Note: the _opt suffix would be replaced by a _catch suffix if this RFC is accepted.
RefCell, which provides a dynamic version of the borrowing rules. Calling the borrow() method is intended as an assertion that the cell is in a borrowable state, and will fail! otherwise. On the other hand, there is no separate way to check the state of the RefCell, so the module provides a try_borrow variant that produces a Result.

Note: the try_ prefix would be replaced by a _catch catch if this RFC is accepted.

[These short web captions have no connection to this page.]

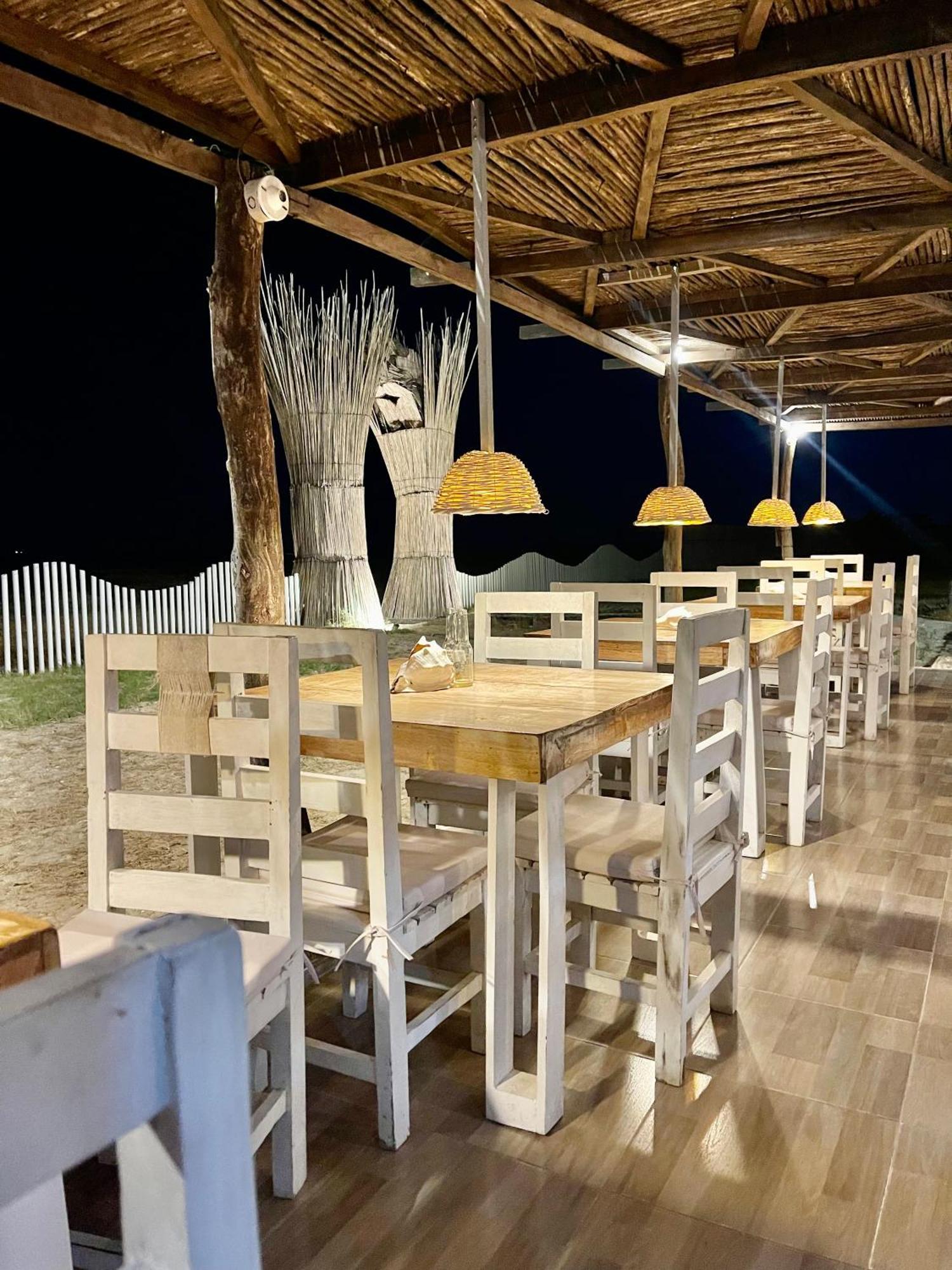 Aiwa Hotel Mayapo Ngoại thất bức ảnh
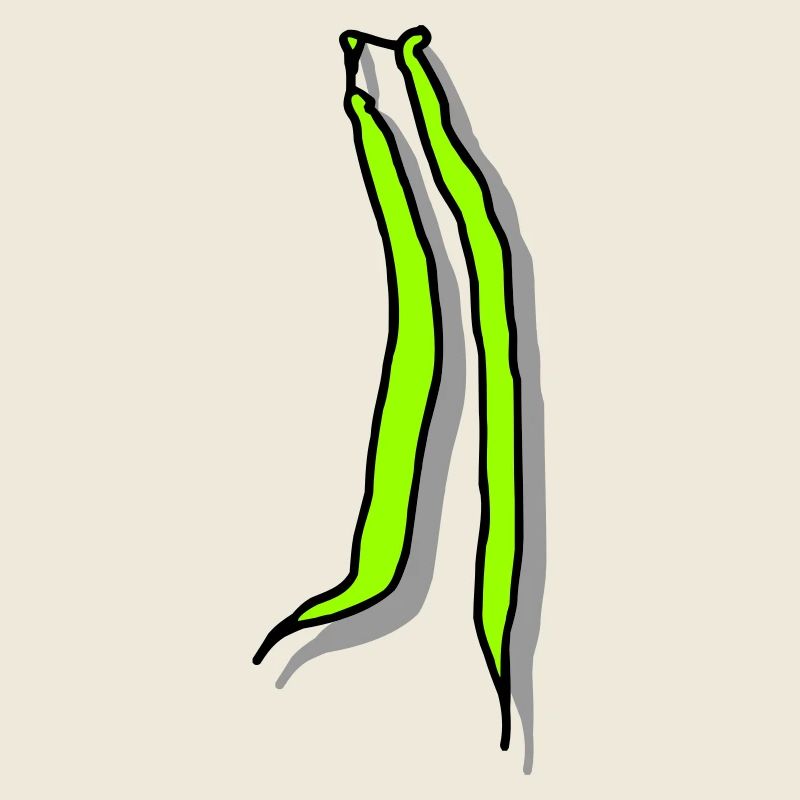Haricots verts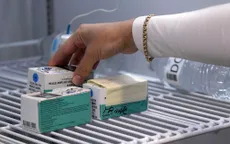 Số ca mắc sởi thực tế tại Mỹ có thể vượt xa thống kê chính thức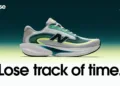 New Balance ขยายพอร์ตโฟลิโอรองเท้าวิ่ง เปิดตัว “Ellipse” รุ่นใหม่ล่าสุดออกแบบสำหรับนักวิ่งทุกระดับ นิยามใหม่ของ “การวิ่งเพลินจนลืมเวลา”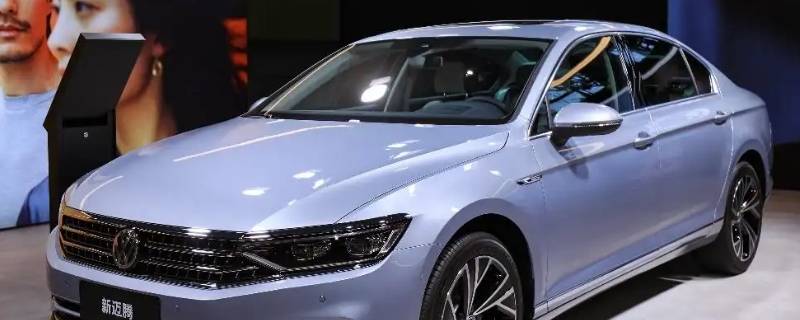 迈腾手套箱黑盒子干啥的 迈腾手套箱钥匙在哪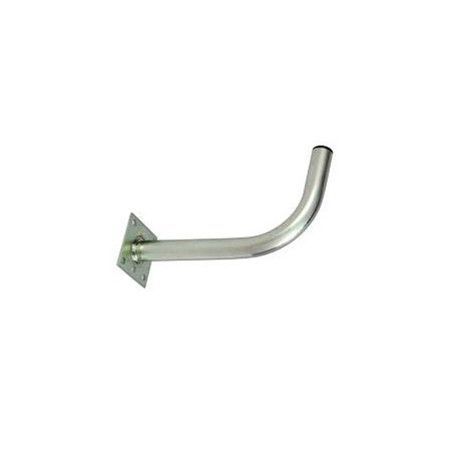 SOPORTE PARED ANTENA PARABOLICA 40/65CM. TELEVES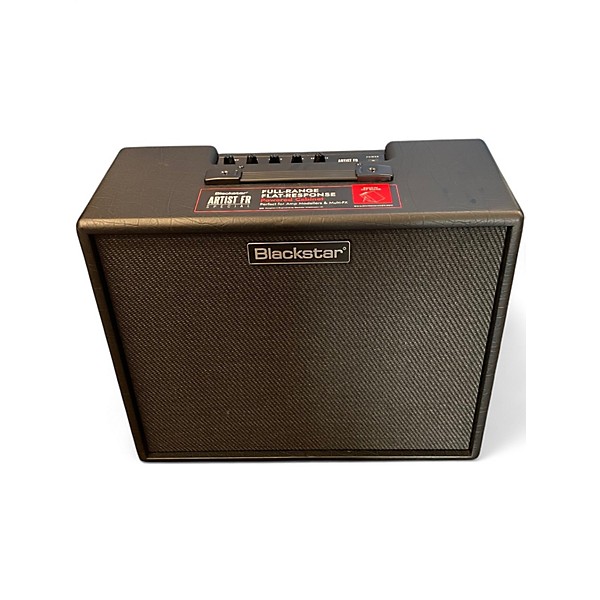 Used Blackstar ARTIST FR SPEACIL Guitar Combo Amp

(Note: it is unclear whether these APIs will continue to provide both variants.)

Drawbacks

The main drawbacks of this proposal are:

Task failure remains somewhat of a landmine: one must be sure to document, and be aware of, all relevant function contracts in order to avoid task failure.
The choice of what to make part of a function's contract remains somewhat subjective, so these guidelines cannot be used to decisively resolve disagreements about an API's design.

The alternatives mentioned below do not suffer from these problems, but have drawbacks of their own.

Alternatives

Two alternative designs have been given in earlier RFCs, both of which take a much harder line on using fail! (or, put differently, do not allow most functions to have contracts).

As was pointed out by @SiegeLord, however, mixing what might be seen as contract violations with obstructions can make it much more difficult to write obstruction-robust code; see the linked comment for more detail.

Naming

There are numerous possible suffixes for a Result-producing variant:

_catch, as proposed above. As @lilyball points out, this name connotes exception handling, which could be considered misleading. However, since it effectively prevents further unwinding, catching an exception may indeed be the right analogy.
_result, which is straightforward but not as informative/suggestive as some of the other proposed variants.
try_ prefix. Also connotes exception handling, but has an unfortunately overlap with the common use of try_ for nonblocking variants (which is in play for recv in particular).